El despertador sonó y Ana abrió los ojos, siempre sucede lo mismo, cuando estás a punto de resolver misterios. Detrás de la ventana la vida se escapaba, una ambulancia lloró a lo lejos. “No quiero ir a la escuela”, pensó, mientras la velocidad de los autos se sincronizaba al ritmo de su corazón…
El nombre secreto de Ana era Ala de Nube, su pasaporte para entrar al mundo de los sueños. Todo empezó el día en que el duermevela la llevó a un bosque, donde escuchó el canto del Uirapurú, entonces, ella pidió un deseo, volar y construir castillos en el aire, donde la vida fuera como el canto de aquella extraña ave …
Tic- tac, tic- tac, Ana deseaba tanto crecer, y al mismo tiempo tenía la sensación de que algo se le esfumaba en cada año de vida, tal vez aquella ave, o tal vez los castillos de sueños que alguien parecía robarle.

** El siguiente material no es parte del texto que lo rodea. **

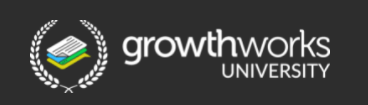 GrowthWorks UNIVERSITY member
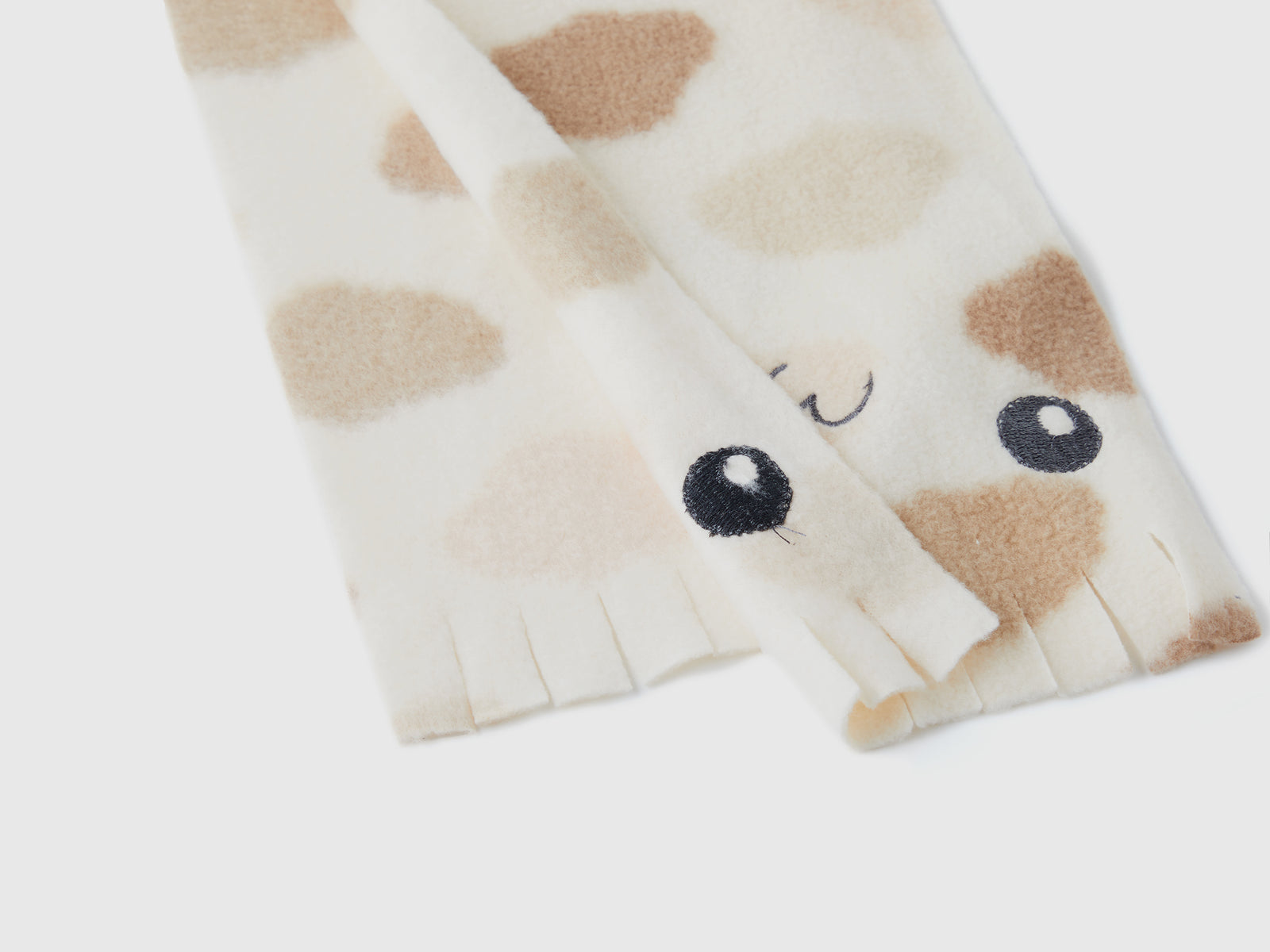 Sciarpa con stampa nuvole da neonato multi-color 2 | Benetton Outlet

Ala de Nube llegó una tarde a lo más profundo del bosque donde el abismo le abrió las puertas del viento sagrado, pero el elfo guardián de la magia, la enredó entre las ramas de las duda… “volar” es algo imposible, una locura que te hará caer hasta ser nada.
¿Cuántas veces despertó Ana?, ¿Cuántos elfos? ¿Cuántas dudas? Cuántas voces le dijeron que ser escritor no es para cualquiera? Que no hay como pisar en tierra firme, con una carrera productiva. Así fue como terminó por ser contadora y contó muchos objetos que pesaban tanto y detenían su vuelo…
Ala de Nube chocó mil veces contra los icebergs de la realidad, entonces lloraba hasta derretirse, pero al día siguiente el sol la llevaba de vuelta a las alturas.
Un día al amanecer Ana estaba por cumplir tantos años que había perdido la cuenta, o tal vez, había olvidado la mala costumbre de aprisionar el tiempo, o las personas, o los objetos, así que tiró la última pieza de porcelana que tenía por la ventana y la dejó en libertad. Afuera una higuera parecía morirse con el frío del invierno, “Ya volverán los higos”, le dijo su sombra. Para entonces ya había probado el sabor del amor, de los hijos, de la muerte, todas esos misterios que para entenderlos hay que dejarlos caer por la ventana y esperar su retorno. Entonces deslizó su silla de ruedas hacia la mesa donde la esperaba el abismo que la había llamado desde siempre, el secreto que la mantenía viva , la locura donde había encontrado la felicidad.
Tomó una hoja de papel y de sus huesos salió un fino polvo blanco como la arena, con el que empezó a construir nuevos castillos y se lanzó a volar una vez más por la escritura, esa magia que sólo entienden los que han vislumbrado el Aleph de Borges en el hueco de una sílaba, donde no existe otro reloj que la libertad de dejarse conducir por el viento como Ala de Nube.